= Task to carry out =
Copy word for word the lines in the records below, starting at the line with "New Customized Name Necklace Bracelet Set" and ending at the line with "Nam doanh nhân". Skip the pictures.

= Dataset entries =
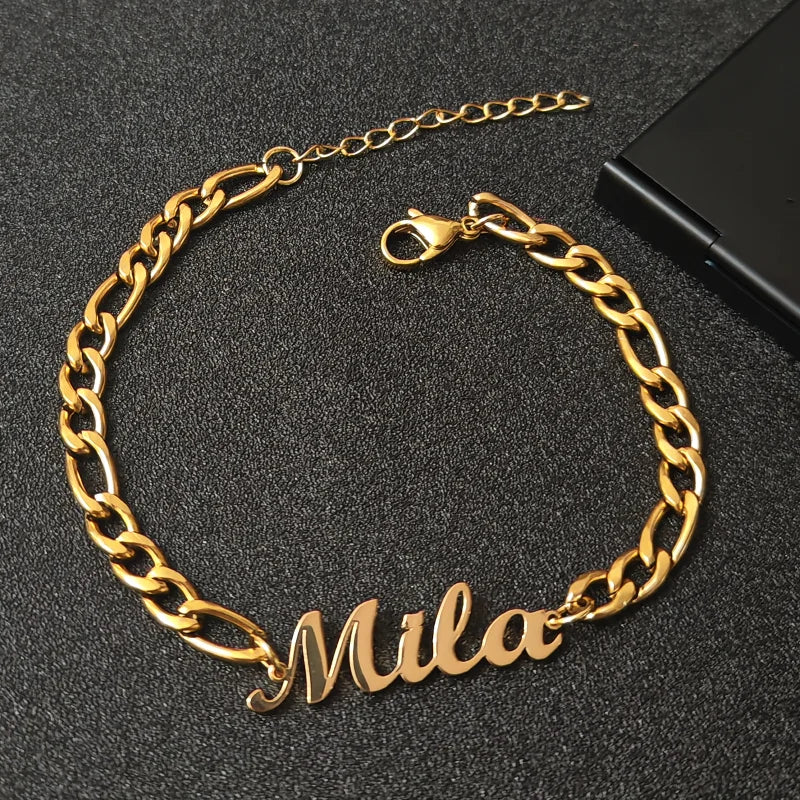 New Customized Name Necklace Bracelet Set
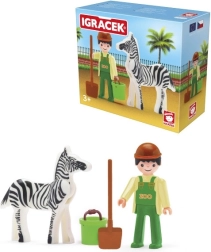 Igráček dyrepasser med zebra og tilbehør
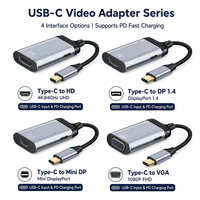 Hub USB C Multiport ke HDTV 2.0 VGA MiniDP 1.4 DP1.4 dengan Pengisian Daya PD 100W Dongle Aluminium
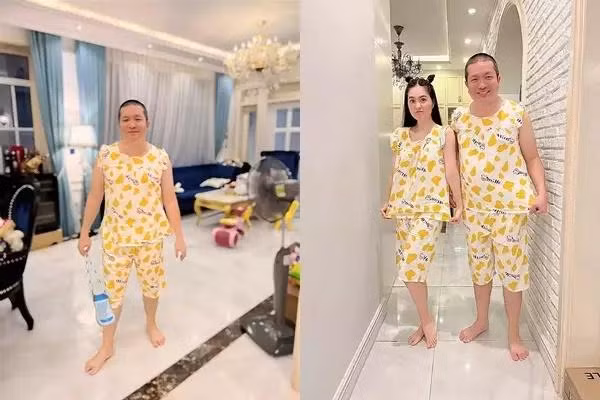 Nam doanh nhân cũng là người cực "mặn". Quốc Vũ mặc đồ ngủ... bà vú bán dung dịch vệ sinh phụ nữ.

---

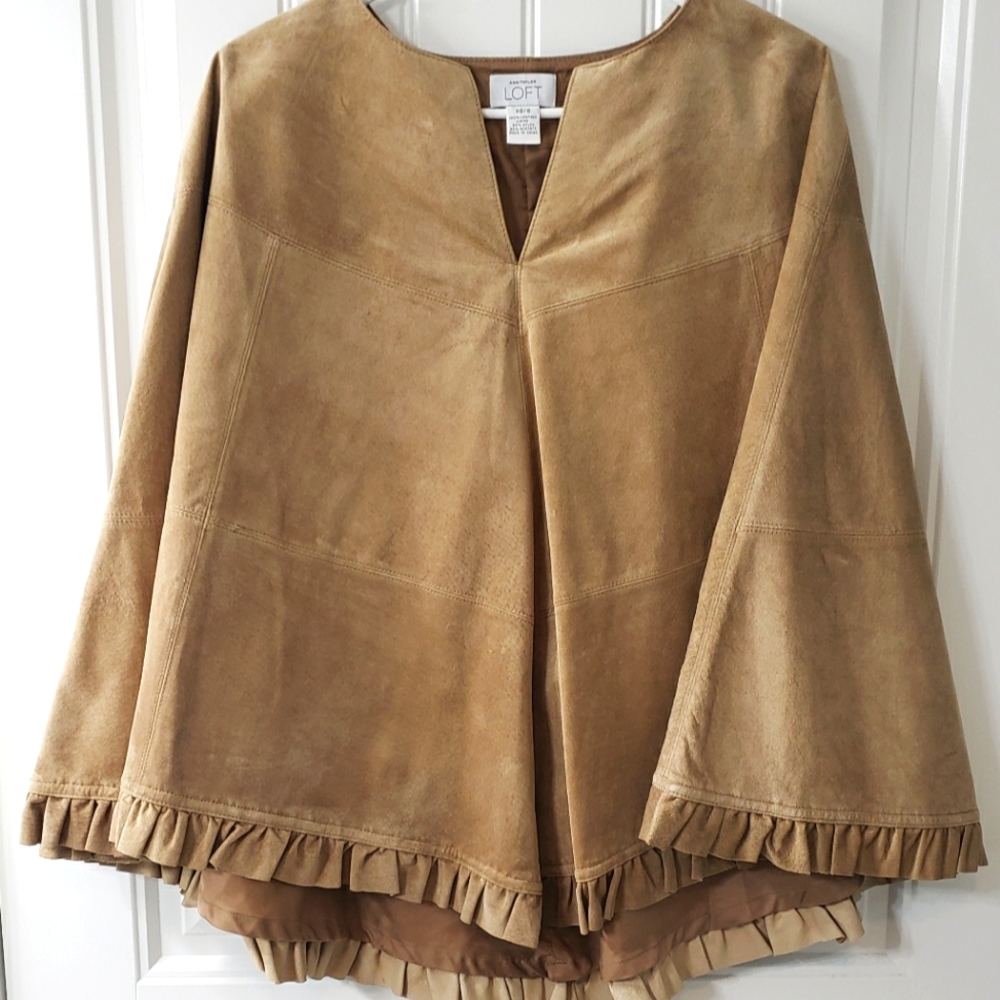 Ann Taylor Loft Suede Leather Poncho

* * *

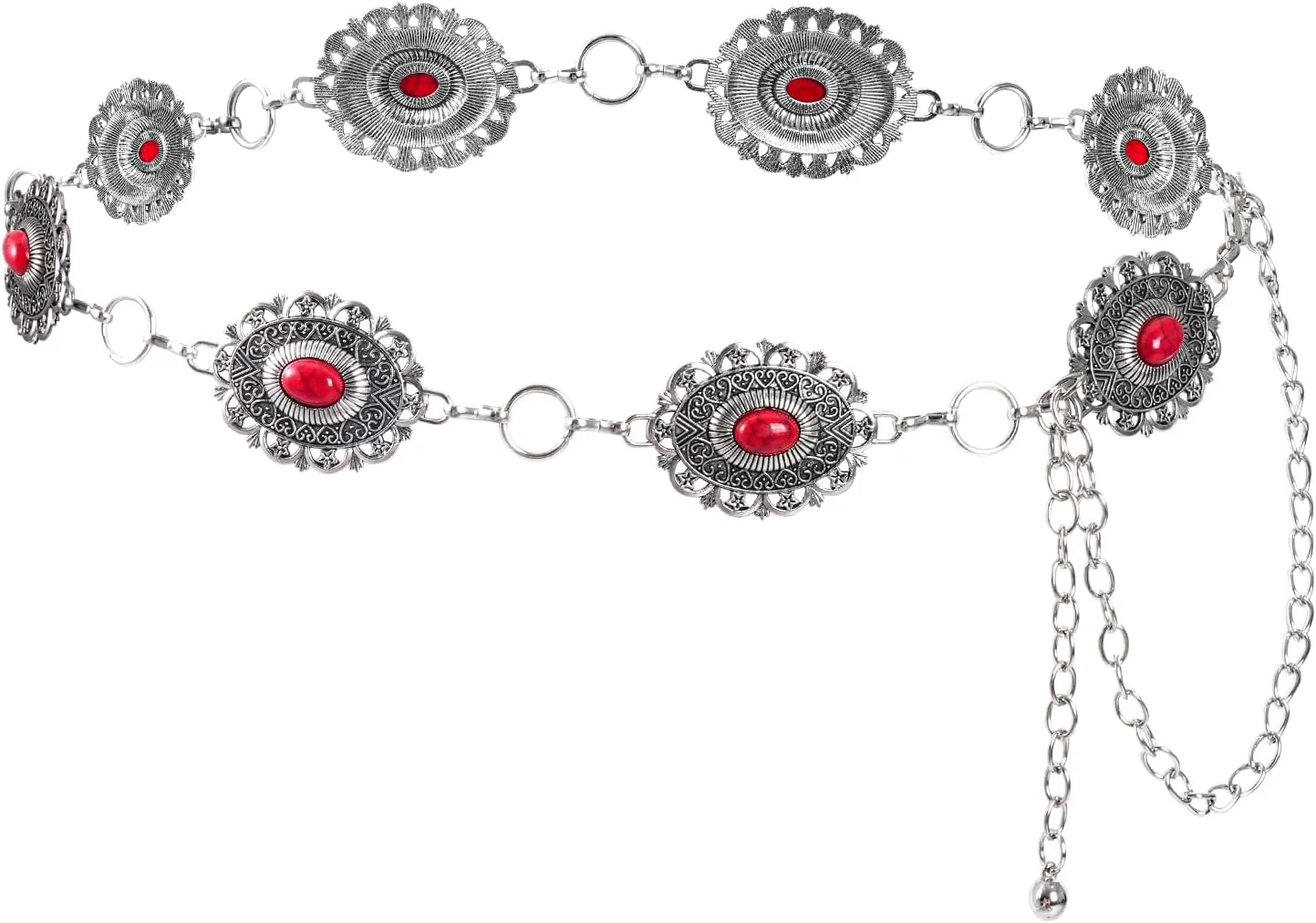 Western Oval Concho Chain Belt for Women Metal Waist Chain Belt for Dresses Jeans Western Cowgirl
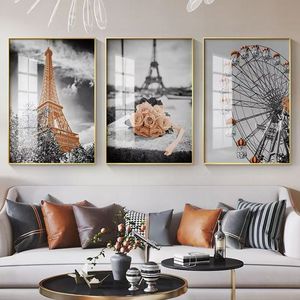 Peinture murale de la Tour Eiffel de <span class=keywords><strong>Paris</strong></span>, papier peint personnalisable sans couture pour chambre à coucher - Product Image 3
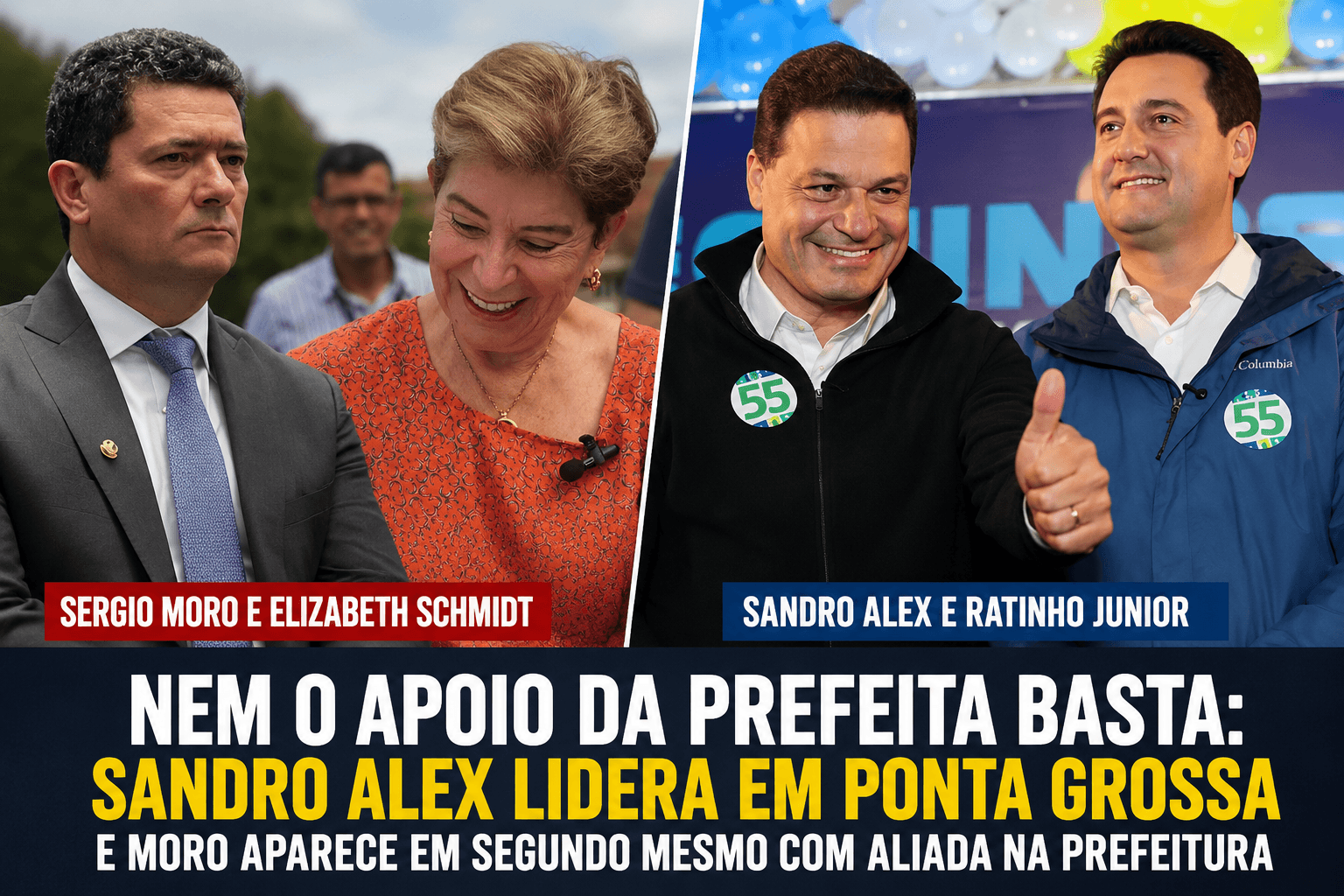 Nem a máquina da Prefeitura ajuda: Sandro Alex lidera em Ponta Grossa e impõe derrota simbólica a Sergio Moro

= Task solution =
 New Customized Name Necklace Bracelet Set
 Igráček dyrepasser med zebra og tilbehør
 Hub USB C Multiport ke HDTV 2.0 VGA MiniDP 1.4 DP1.4 dengan Pengisian Daya PD 100W Dongle Aluminium
 Nam doanh nhân cũng là người cực "mặn". Quốc Vũ mặc đồ ngủ... bà vú bán dung dịch vệ sinh phụ nữ.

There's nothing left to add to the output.